The following subsections specify how monitoring works, first in multi-threaded or asynchronous clients, and second in single-threaded clients. This spec provides detailed requirements for monitoring because it intends to make all drivers behave consistently.
Multi-threaded or asynchronous monitoring
Servers are monitored in parallel
All servers' monitors run independently, in parallel: If some monitors block calling hello or legacy hello over slow connections, other monitors MUST proceed unimpeded.
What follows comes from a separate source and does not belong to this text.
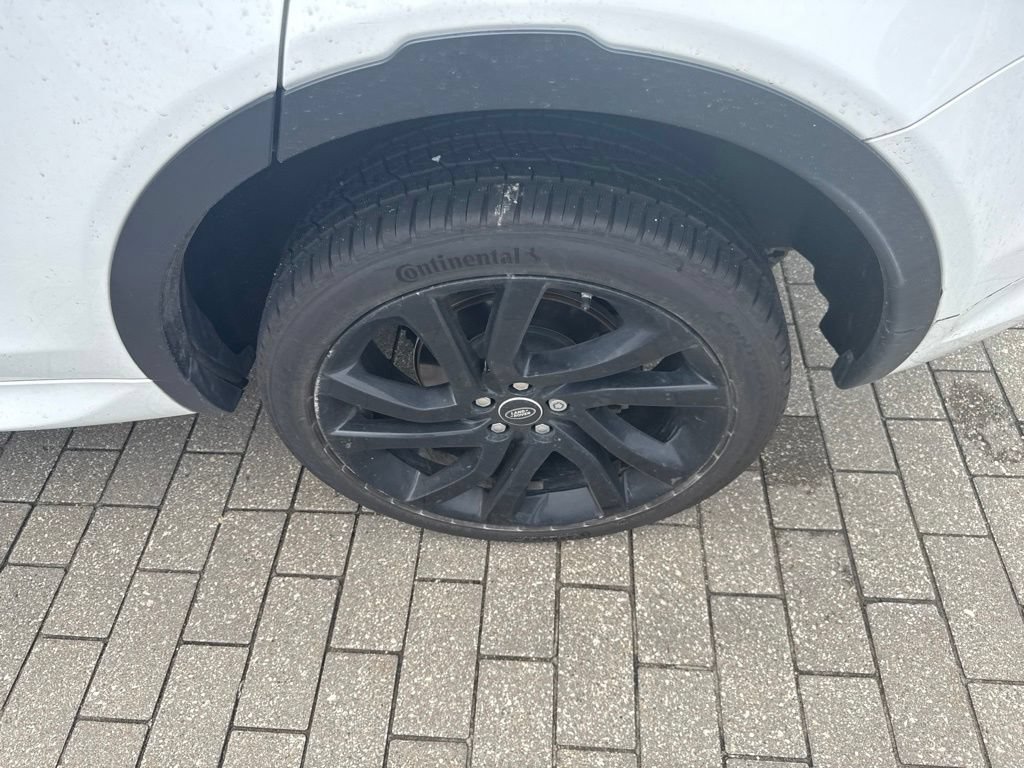 Used 2018 Land Rover Discovery Sport HSE AWD/4WD image 10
The natural implementation is a thread per server, but the decision is left to the implementer. (See thread per server.)
Servers are monitored with dedicated sockets
A monitor SHOULD NOT use the client's regular connection pool to acquire a socket; it uses a dedicated socket that does not count toward the pool's maximum size.
Drivers MUST NOT authenticate on sockets used for monitoring nor include SCRAM mechanism negotiation (i.e.
saslSupportedMechs
), as doing so would make monitoring checks more expensive for the server.
Servers are checked periodically
Each monitor checks its server and notifies the client of the outcome so the client can update the TopologyDescription.
After each check, the next check SHOULD be scheduled heartbeatFrequencyMS later; a check MUST NOT run while a previous check is still in progress.
Requesting an immediate check
At any time, the client can request that a monitor check its server immediately. (For example, after a "not writable primary" error. See error handling.) If the monitor is sleeping when this request arrives, it MUST wake and check as soon as possible. If a hello or legacy hello call is already in progress, the request MUST be ignored. If the previous check ended less than minHeartbeatFrequencyMS ago, the monitor MUST sleep until the minimum delay has passed, then check the server.
Application operations are unblocked when a server is found
Each time a check completes, threads waiting for a suitable server are unblocked. Each unblocked thread MUST proceed if the new TopologyDescription now contains a suitable server.
Clients update the topology from each handshake
When a monitor check creates a new connection, the connection handshake response MUST be used to satisfy the check and update the topology.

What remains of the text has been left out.